Лола с уважением взглянула на соседа: вот это мужчина, все знает, во всем разбирается. Только взглянул на меня, сразу понял, что я зябну. А Поль? Мы год вместе прожили, а ему, кроме всяких глупостей, ничего в голову не приходило. На Рождество такое платье подарил, что я в нем посинела от холода. Вся забота была, чтобы мишуры побольше в волосы напихать. Да нет, что тут говорить: больной человек. А с другой стороны, и неплохой, незлобивый. Незлобивый-то незлобивый, а жить с ним обидно. Ходит, будто мимо пустого места.

Обиднее всего Лоле показалось пренебрежение, с каким Поль отстранил ее, когда она обняла его возле камина. Она, можно сказать, через себя переступила, ради него старалась, а он ей в душу плюнул. Как такое простить?

Просыпаясь по ночам в своей слишком широкой деревянной кровати, Лола долго лежала, глядя в потолок. Чем больше она думала, тем яснее понимала, что все дело в женщине, которая появилась в жизни Поля. А зачем он тогда меня к себе привез? Помучить и поиздеваться? Такого я не допущу.
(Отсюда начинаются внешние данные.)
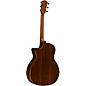 Taylor 714ce Grand Auditorium Acoustic-Electric Guitar Western Sunburst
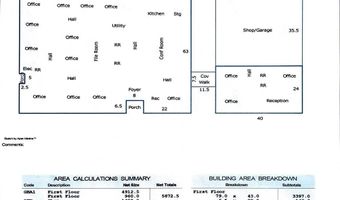 80 Virginia Ave, Barnwell, SC 29812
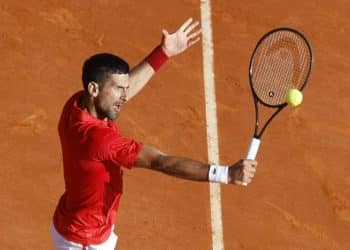 Ruud pobijedio Novaka Đokovića na ATP-u u Monte Carlu!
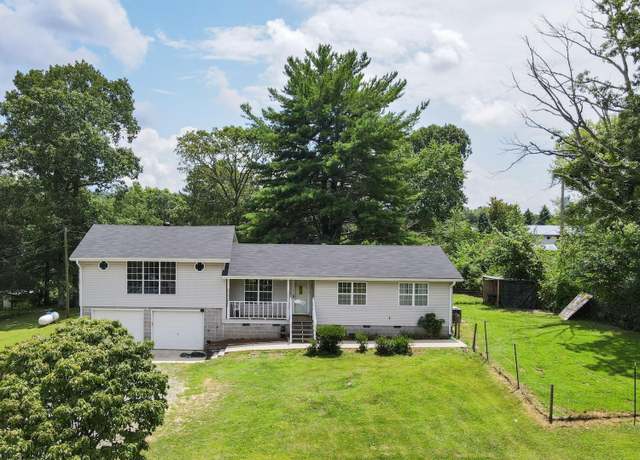 Property at 515 Choctaw Trl, Chattanooga, TN 37405, 4 beds, 2 baths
Я все выясню, во всем разберусь. Зря он меня за дурочку держит.

Как только Поль отправился на прогулку, Лола поднялась на чердак, где обычно без особого приглашения не появлялась. Хорошенько обследовав мастерскую, она убедилась в своей несомненной правоте: Поль влюблен в крупную блондинку. На набросках, рисунках она куда-то летела: то в шлеме, то с крыльями, то без них. Помнится, и меня он рядил во что-то немыслимое, пока был влюблен, усмехнулась Лола.
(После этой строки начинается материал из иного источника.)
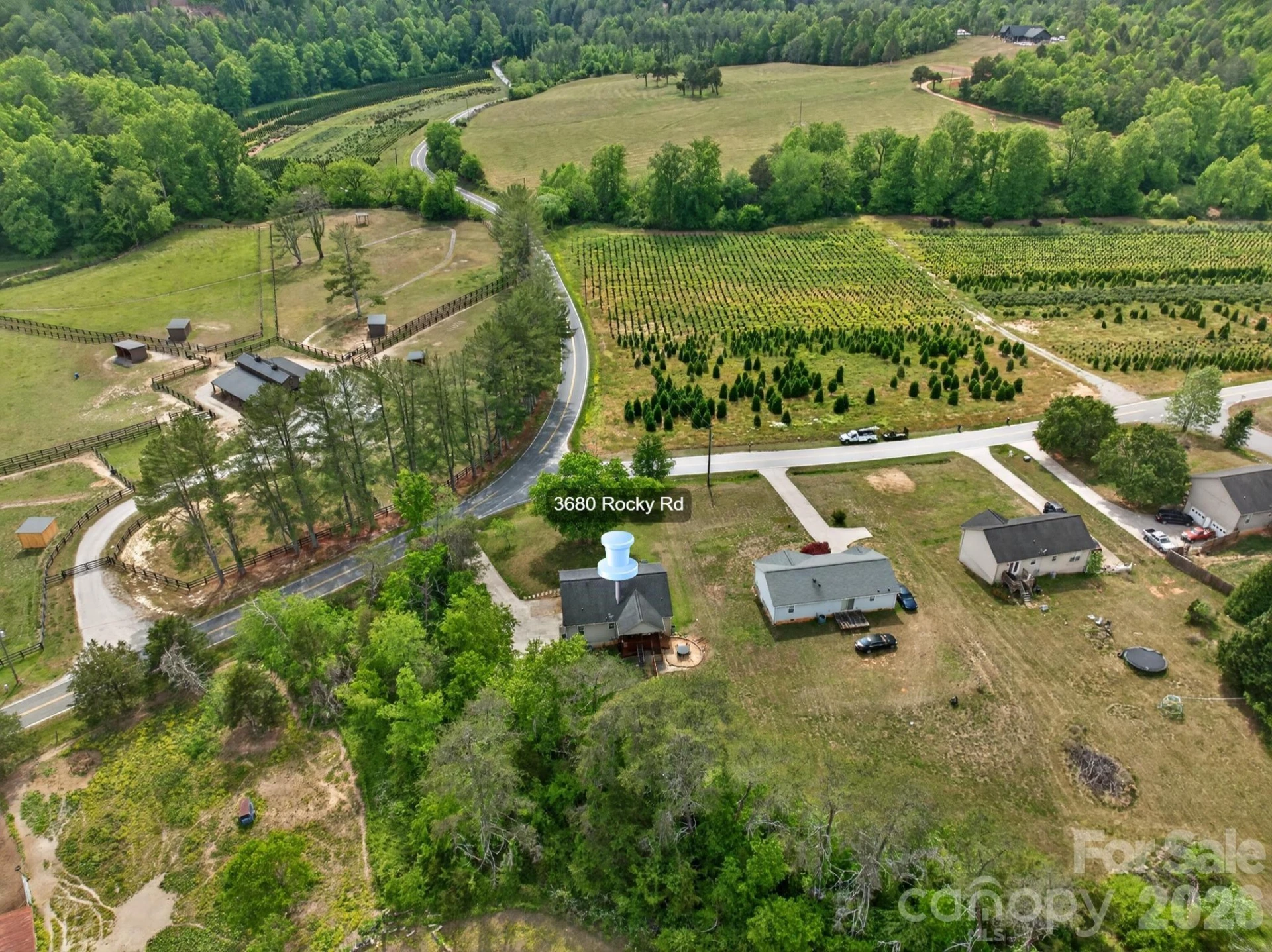 3680 Rocky Road - Photo 6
И вдруг... Она даже руками всплеснула от негодования. Ну надо же! Подумать только! Эту свою толстуху он рисует прямо поверх моих портретов! Замазывает и пишет по новой! А остальные мои портреты в углу валяются! Вон, целая куча!
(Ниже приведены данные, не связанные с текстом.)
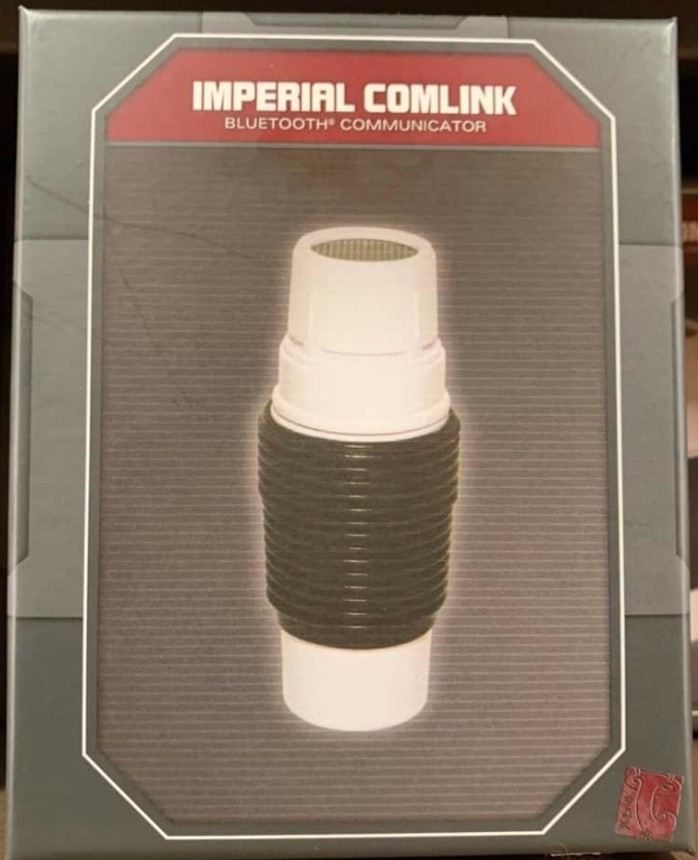 Imperial Comlink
Такого оскорбления Лола стерпеть не могла. Что же это получается? Выходит, целый год я мучилась совершенно напрасно? Часами сидела, руки, ноги, спина отваливались, и все псу под хвост! Взял и замазал, а меня из жизни вычеркнул? Я — пустое место?!

Обида клокотала в Лоле — ведь она была Полю всем: и любовницей, и натурщицей, и поденщицей, и прачкой, и кухаркой, а он отплатил черной неблагодарностью! Ее замазать, а с этой толстухой на конкурс?! Ее, Лолу, он почему-то не захотел выставлять. Добрые люди предлагали, а Поль заартачился. Впрочем, Лоле не очень-то и нравилось, как Поль ее изображал! Кривая, косая. Тоже мне художник! Не мог любимую женщину как следует нарисовать! А эту корову сразу на конкурс! Да откуда она такая взялась?

Продолжая свое расследование, Лола на одной из дальних полок наткнулась на запыленную ярко-красную папку. Так, а это что такое? Раскрыла, пробежала глазами несколько строк и поняла, что должна дочитать до конца. Оказывается, Поль вел что-то вроде дневника, и, вполне возможно, из него можно узнать много интересного. Папку брать не стоит, слишком приметная, а вот рукопись — непременно. Полю сейчас ни до чего, кроме работы, он и не хватится дневника.